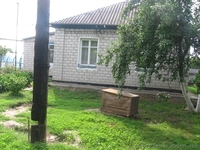 Продам дом в с. Мартусовка, Бориспольский р-н - <ro>Изображение</ro><ru>Изображение</ru> #1, <ru>Объявление</ru> #1097353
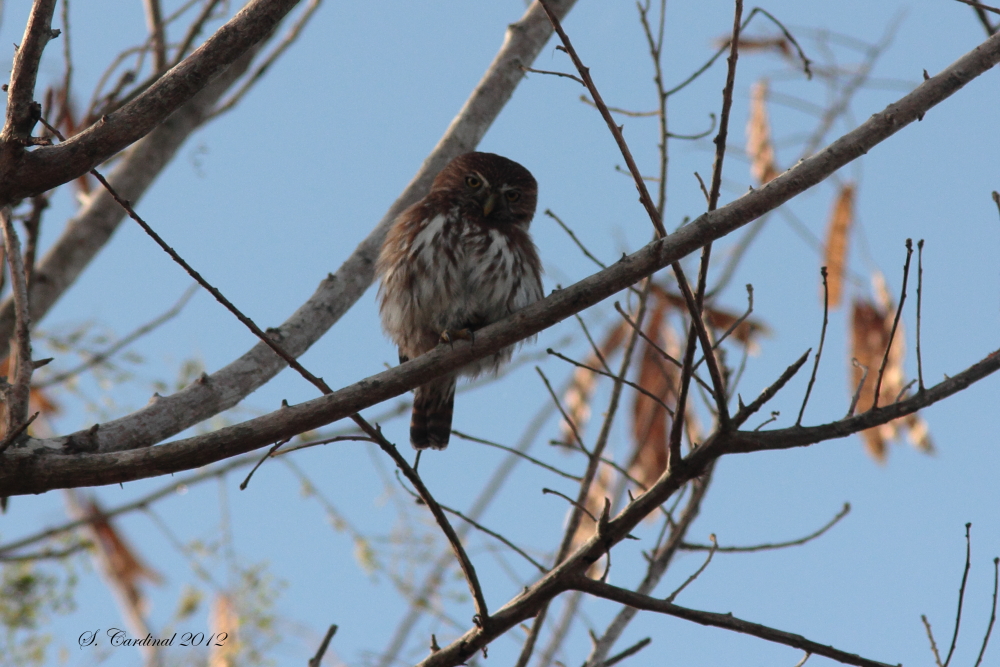 Panama 2012 Ferruginous Pygmy-Owl 03 a.JPG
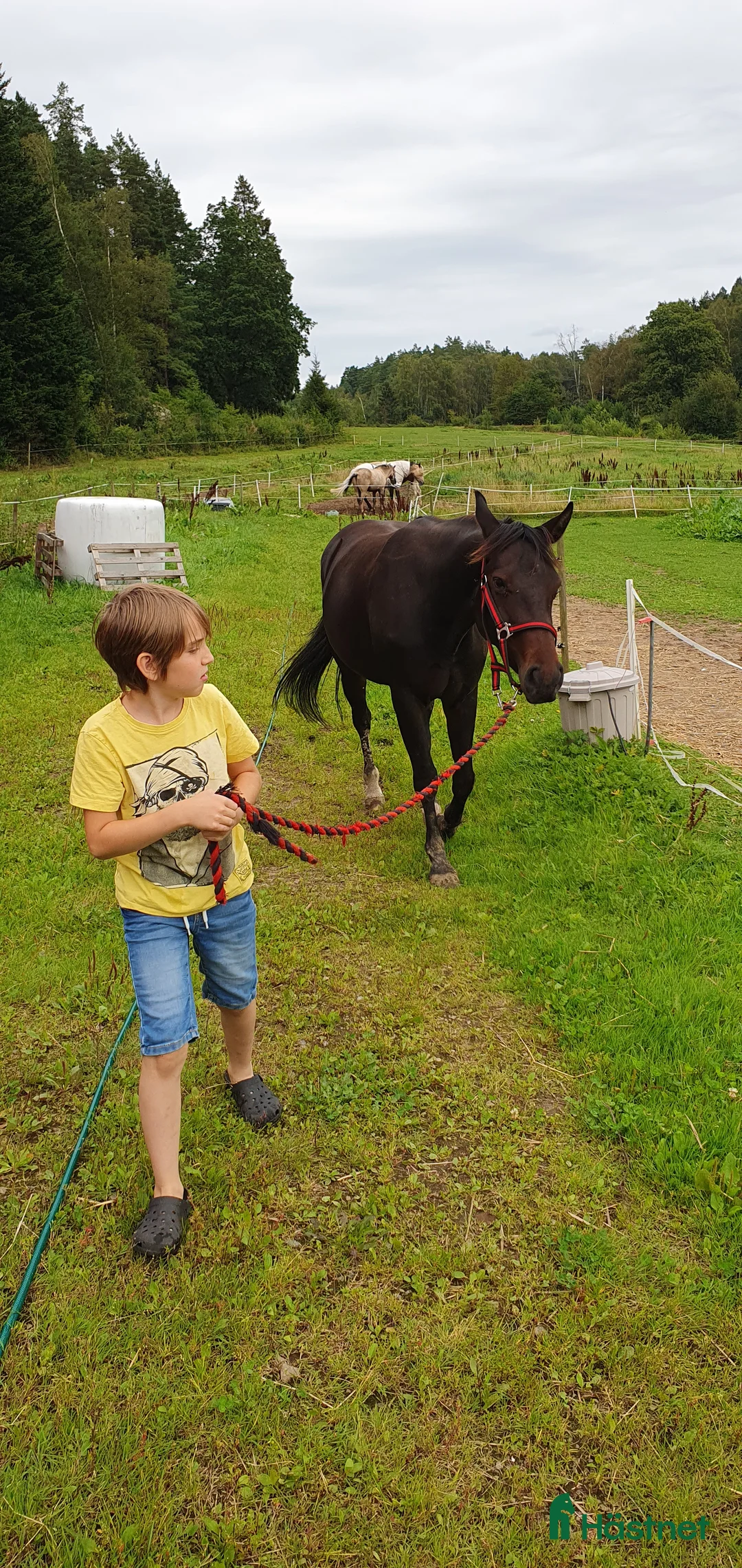 Allround hästar till salu: Hon blir vad du gör henne till i Kungsäter - Annons 3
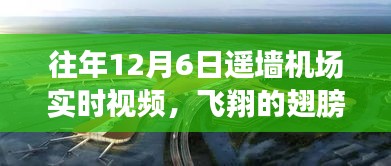 飞翔的翅膀，遥墙机场实时视频展现学习与变化的力量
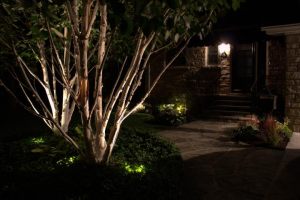 Low Voltage Night Lighting, Led and Halogen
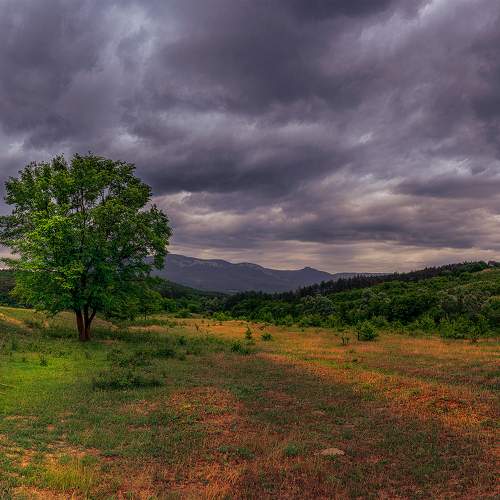 Photo #10736874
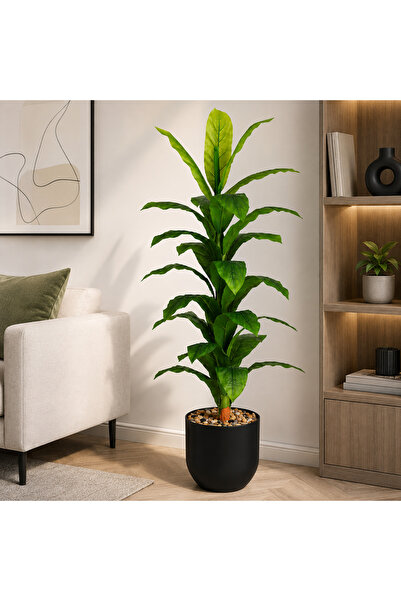 N.zone 165 cm Tall Green Tree with a Black Pot (Height 25 Cm, Diameter 24 cm)...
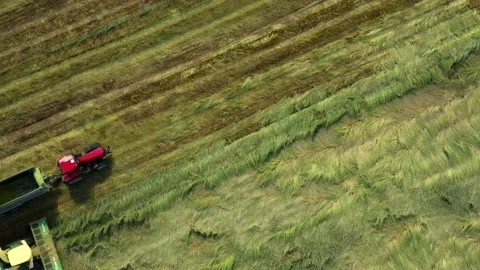 Harvest of wheat field. Stock-Footage 139421863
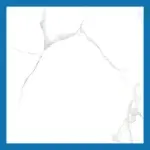 Carrara White Floor Tiles - Glossy Polished  Porcelain - 600X600mm - | A-Grade | Msp66048m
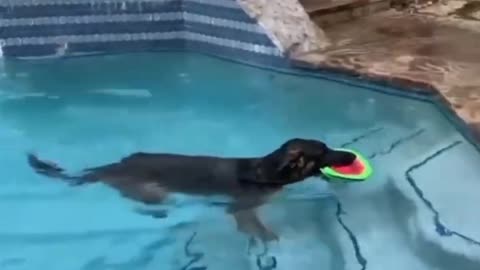 DOG 🐕 RUN THE TREDMIL ON A SWIMMING VIDEO|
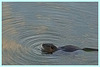 Ragondin et ronds dans l'eau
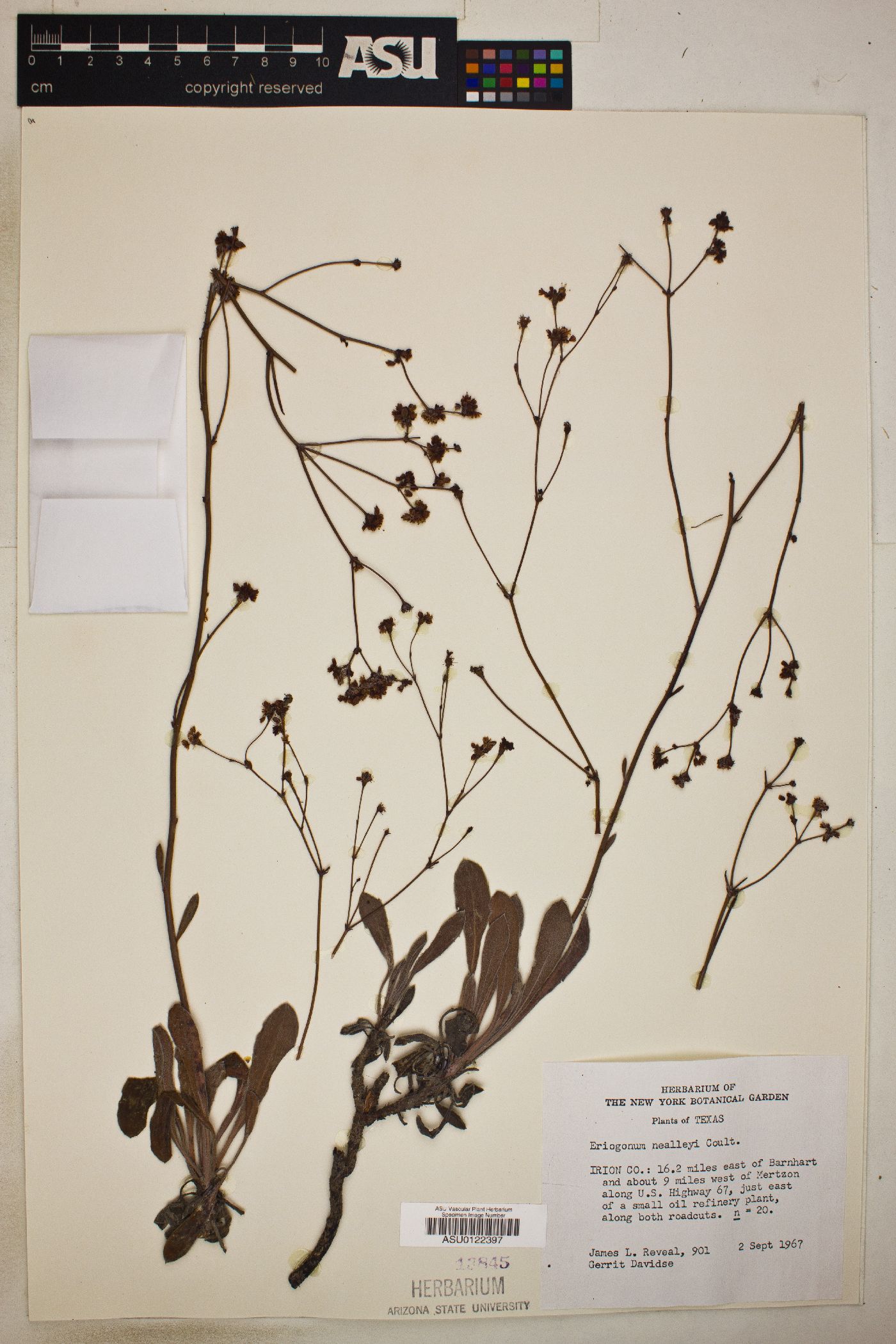 Eriogonum nealleyi image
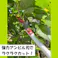 【最長3m 強力なアンビル刃 手引き鋸付き 】高枝切りバサミ 大進 手引き ノコギリ 付き 高枝 鋏 太い枝 高枝切鋏 キャッチ機能 高枝切り鋏 落とさない 枝切りバサミ 枝切り鋏 剪定鋏 枝きりばさみ はさみ 4939736701577
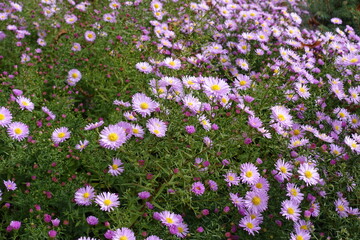 Whole lot of pink flowers of Michaelmas daisies in October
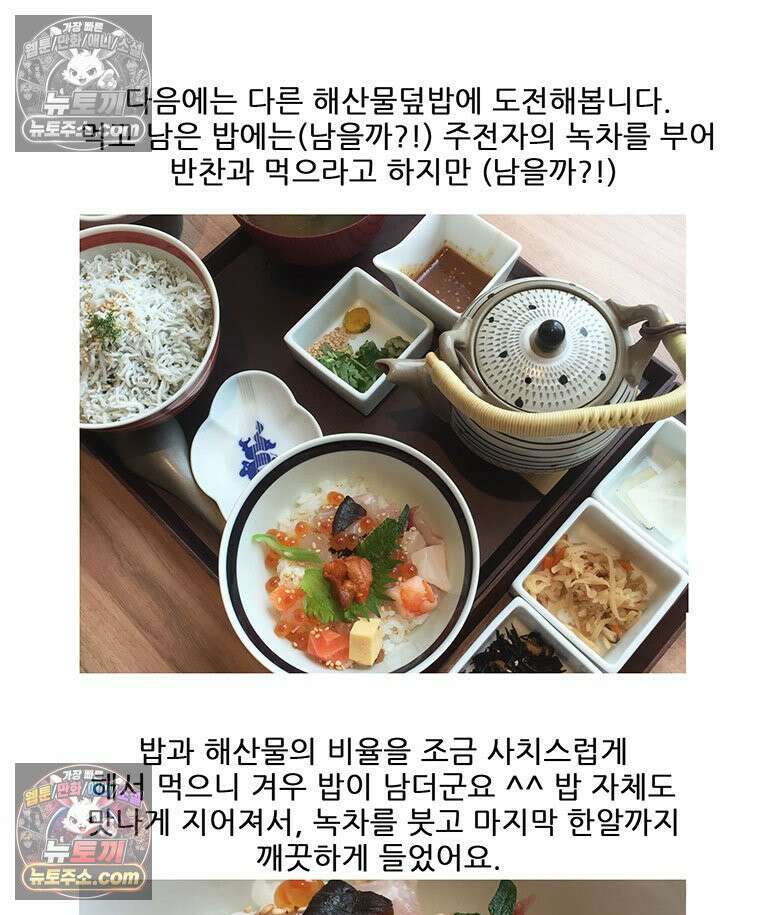 코알랄라 165화 해산물덮밥 49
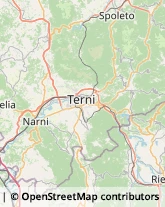 Scuole e Corsi di Lingua,05035Terni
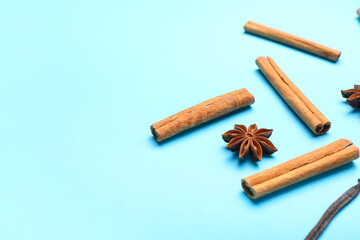 Cinnamon sticks and anise on color background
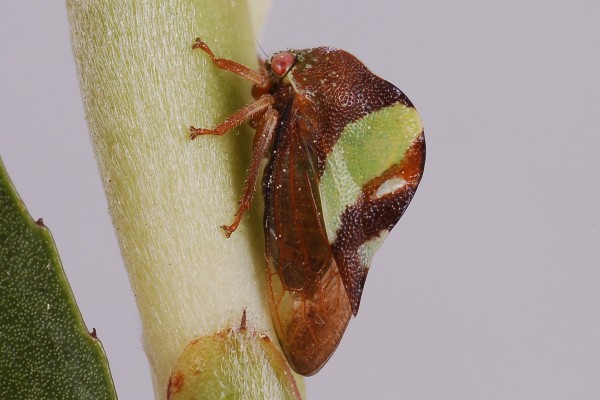 Homoptera_Membracidae _Treehopper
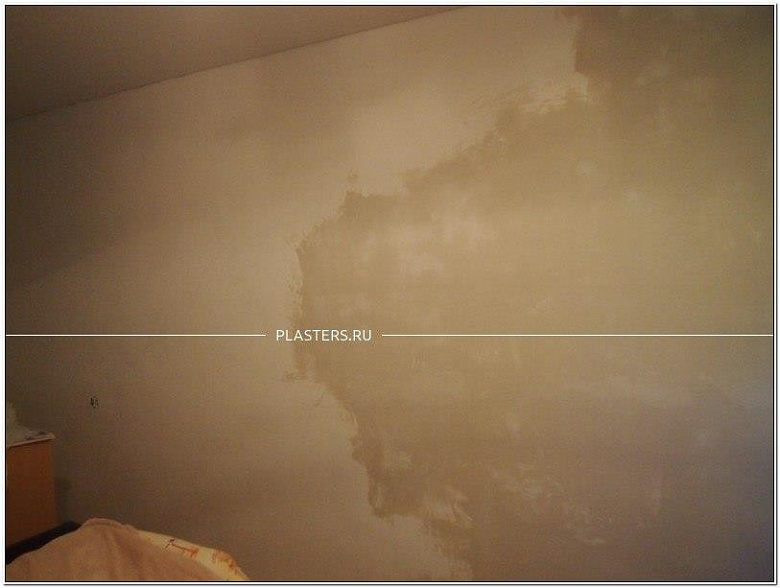 Цветок и бабочка - ремонт с жидкими обоями SILK PLASTER фото:Цветок и бабочка - ремонт с жидкими обоями SILK PLASTER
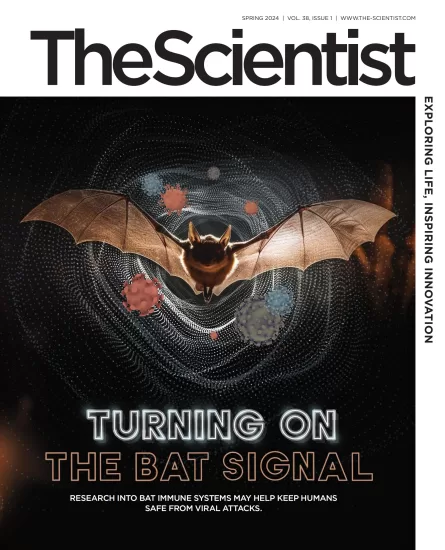 The Scientist-科学家杂志2024年春季刊下载电子版PDF网盘订阅-外刊兽-英语杂志电子版PDF下载网站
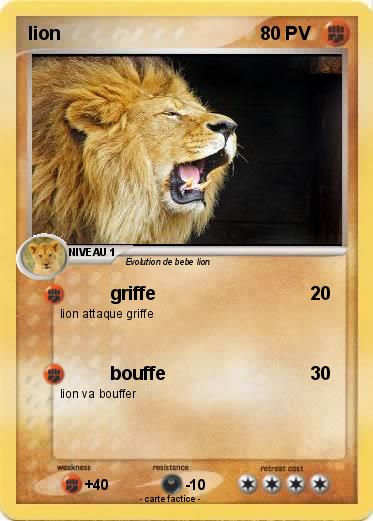 Pokemon lion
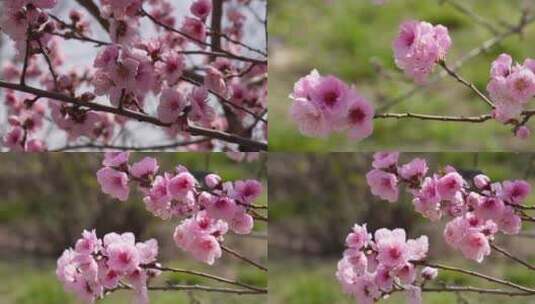 【镜头合集】人面桃花鲜花粉嫩鲜花花朵高清在线视频素材下载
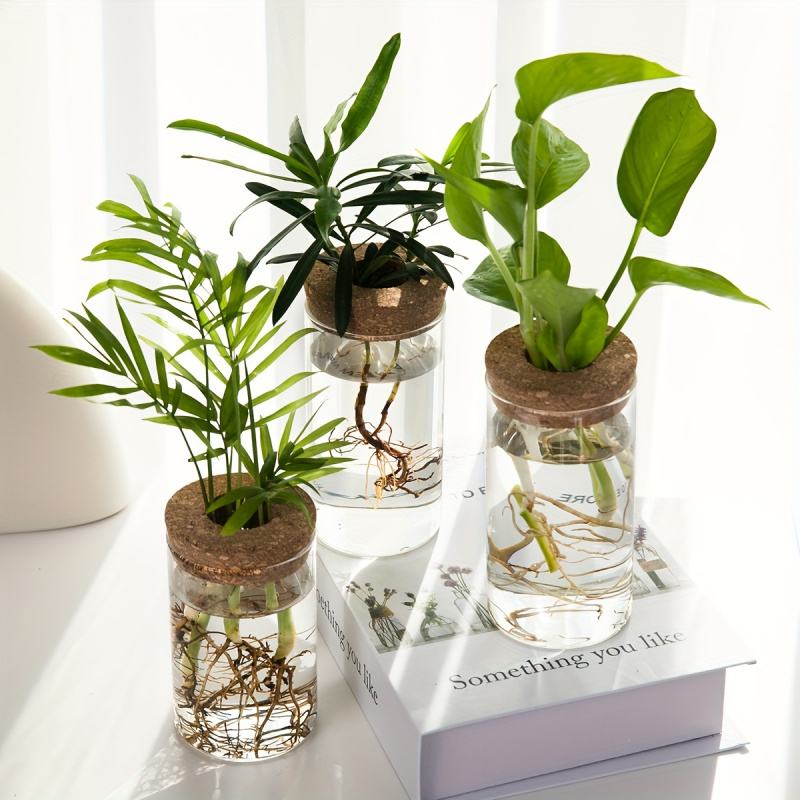수경재배 식물 데스크탑 유리 화분 꽃병, 홈 데코, 식 - Plant Growth Regulator 리뷰 및 가격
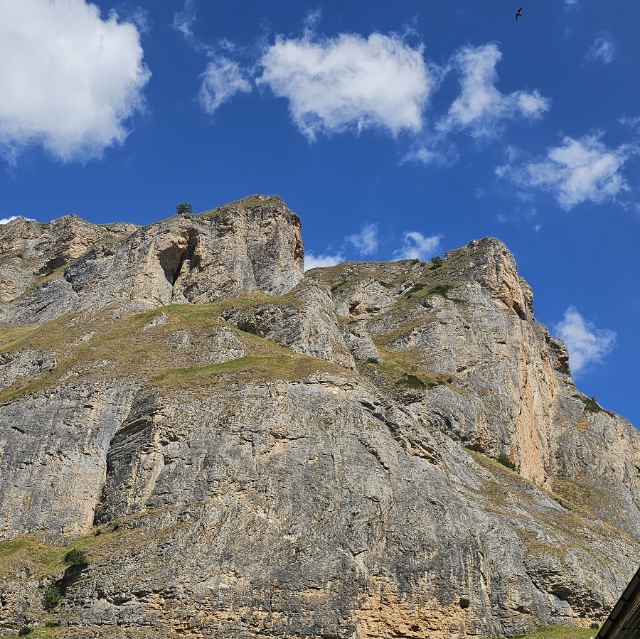 Albert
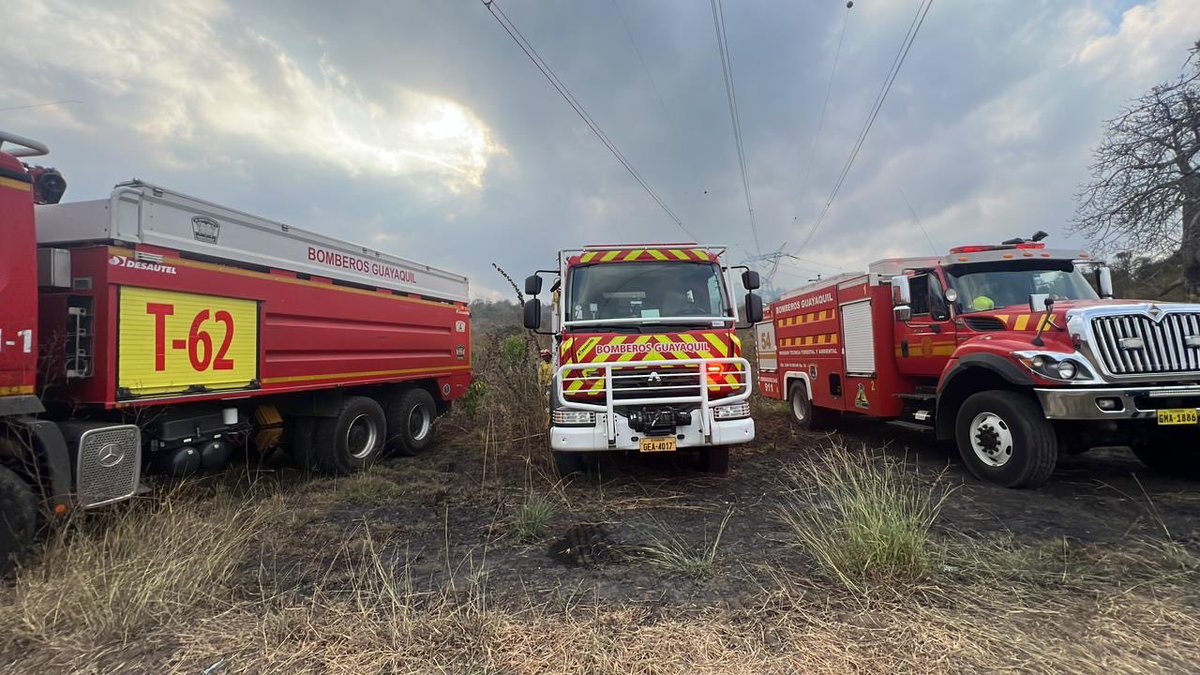 BomberosGYE's tweet photo. [Actualización] 🚨
Un contingente compuesto por más de 12 unidades de combate urbano forestal, un camión cisterna, una ambulancia y 70 bomberos trabajan en el combate del incendio en el cerro La Candelaria, el cual consume vegetación media y alta. 

Nuestro personal trabaja en cuadrillas abriendo trochas y formando líneas húmedas desde el flanco izquierdo. 🧑🏾‍🚒🍂🪾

TASK ▸
One exact copy of the data is required, and it should hold no pictures.

ANSWER TO THIS TASK ▸
 Продам дом в с. Мартусовка, Бориспольский р-н - <ro>Изображение</ro><ru>Изображение</ru> #1, <ru>Объявление</ru> #1097353
 Panama 2012 Ferruginous Pygmy-Owl 03 a.JPG
 Allround hästar till salu: Hon blir vad du gör henne till i Kungsäter - Annons 3
 飞翔的翅膀，遥墙机场实时视频展现学习与变化的力量
 Low Voltage Night Lighting, Led and Halogen
 Photo #10736874
 N.zone 165 cm Tall Green Tree with a Black Pot (Height 25 Cm, Diameter 24 cm)...
 Harvest of wheat field. Stock-Footage 139421863
 Carrara White Floor Tiles - Glossy Polished  Porcelain - 600X600mm - | A-Grade | Msp66048m
 DOG 🐕 RUN THE TREDMIL ON A SWIMMING VIDEO|
 Ragondin et ronds dans l'eau
 Eriogonum nealleyi image
 【最長3m 強力なアンビル刃 手引き鋸付き 】高枝切りバサミ 大進 手引き ノコギリ 付き 高枝 鋏 太い枝 高枝切鋏 キャッチ機能 高枝切り鋏 落とさない 枝切りバサミ 枝切り鋏 剪定鋏 枝きりばさみ はさみ 4939736701577
 Whole lot of pink flowers of Michaelmas daisies in October
 코알랄라 165화 해산물덮밥 49
 Scuole e Corsi di Lingua,05035Terni
 Cinnamon sticks and anise on color background
 Homoptera_Membracidae _Treehopper
 Цветок и бабочка - ремонт с жидкими обоями SILK PLASTER фото:Цветок и бабочка - ремонт с жидкими обоями SILK PLASTER
 The Scientist-科学家杂志2024年春季刊下载电子版PDF网盘订阅-外刊兽-英语杂志电子版PDF下载网站
 Pokemon lion
 【镜头合集】人面桃花鲜花粉嫩鲜花花朵高清在线视频素材下载
수경재배 식물 데스크탑 유리 화분 꽃병, 홈 데코, 식 - Plant Growth Regulator 리뷰 및 가격
 Albert
 BomberosGYE's tweet photo. [Actualización] 🚨
Un contingente compuesto por más de 12 unidades de combate urbano forestal, un camión cisterna, una ambulancia y 70 bomberos trabajan en el combate del incendio en el cerro La Candelaria, el cual consume vegetación media y alta. 

Nuestro personal trabaja en cuadrillas abriendo trochas y formando líneas húmedas desde el flanco izquierdo. 🧑🏾‍🚒🍂🪾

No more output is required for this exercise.